• HOW TO COMPLETE THIS TASK: Word for word, retype the lines from the one containing "Poly Voyager Surround" to the one containing "Big, Mean n' Green page 3" below, keeping both end lines and dropping the pictures.

• SUPPLIED RECORDS:
►

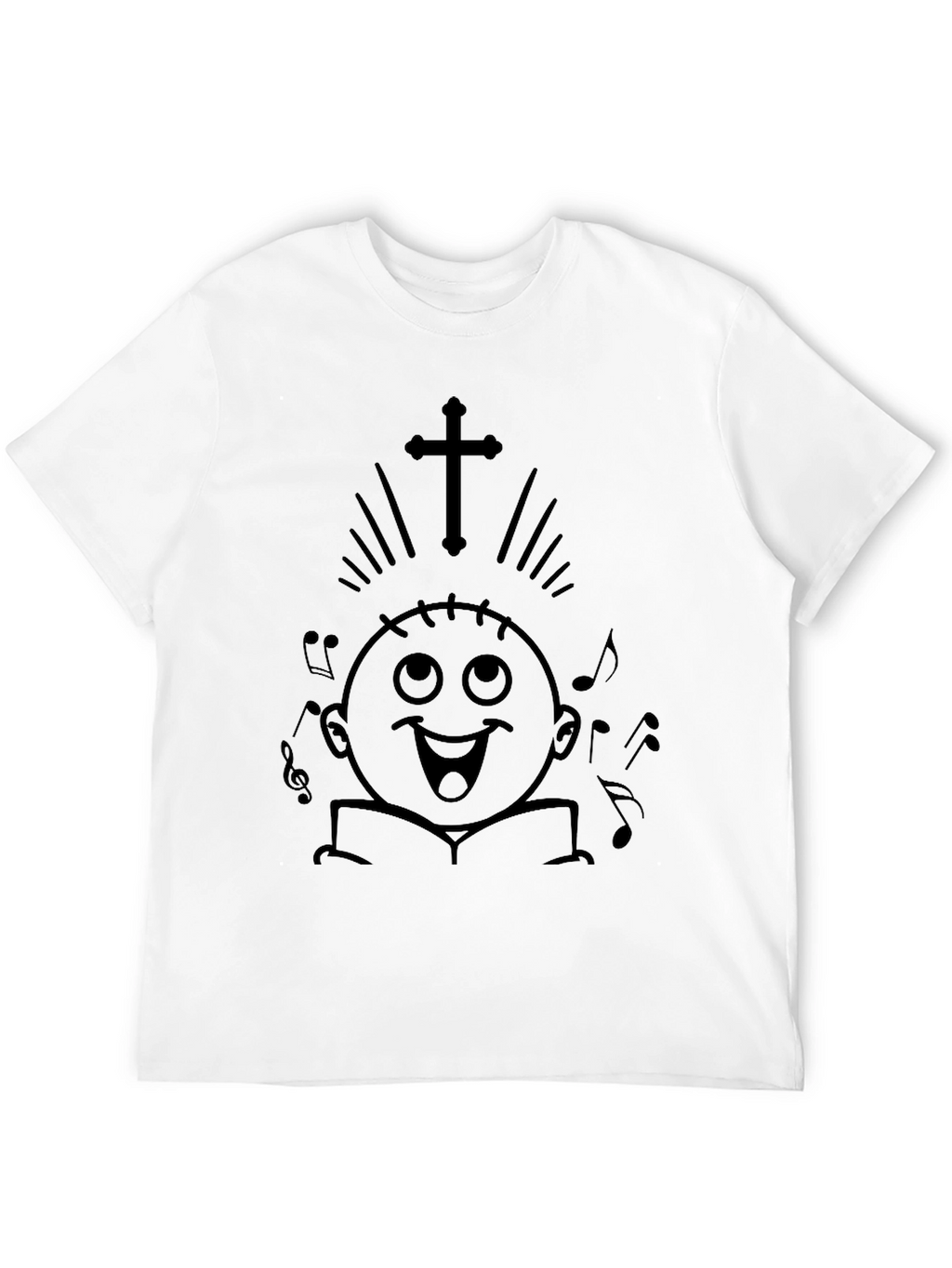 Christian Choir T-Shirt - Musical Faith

◄
►

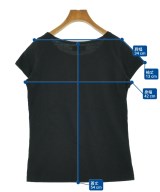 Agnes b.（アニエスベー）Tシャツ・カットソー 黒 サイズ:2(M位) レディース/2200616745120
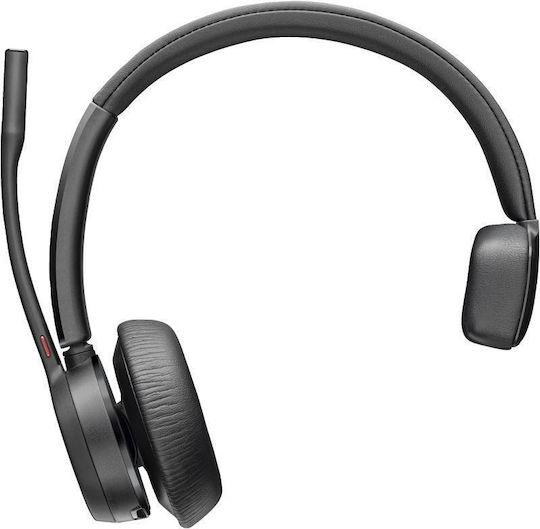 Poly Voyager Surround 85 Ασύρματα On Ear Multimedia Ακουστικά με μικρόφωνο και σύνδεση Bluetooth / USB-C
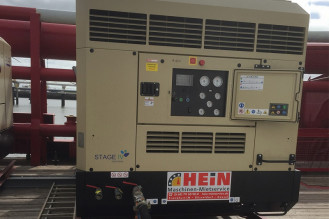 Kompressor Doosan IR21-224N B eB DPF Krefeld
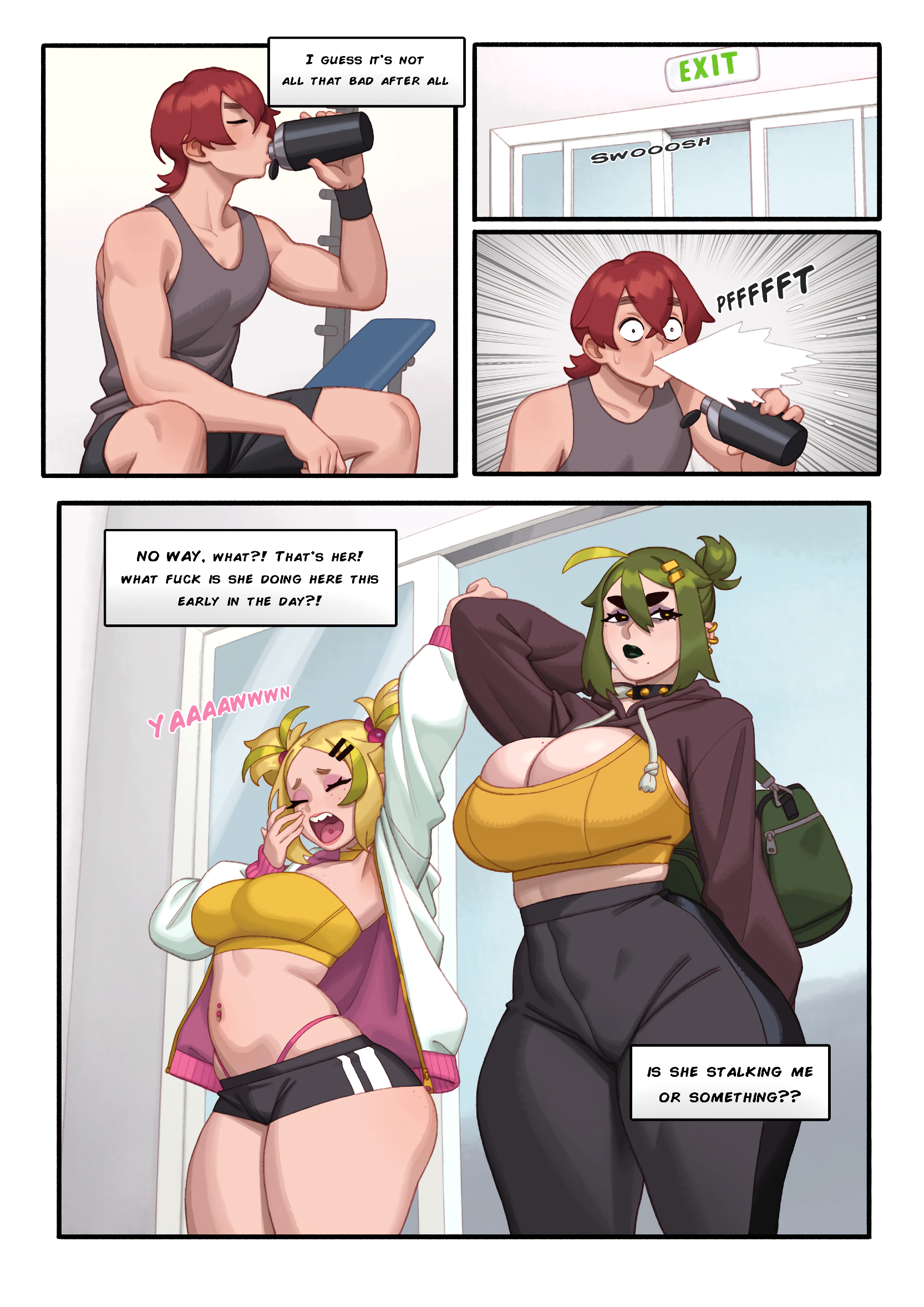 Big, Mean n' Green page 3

◄

• TASK RESULT:
 Poly Voyager Surround 85 Ασύρματα On Ear Multimedia Ακουστικά με μικρόφωνο και σύνδεση Bluetooth / USB-C
 Kompressor Doosan IR21-224N B eB DPF Krefeld
 Big, Mean n' Green page 3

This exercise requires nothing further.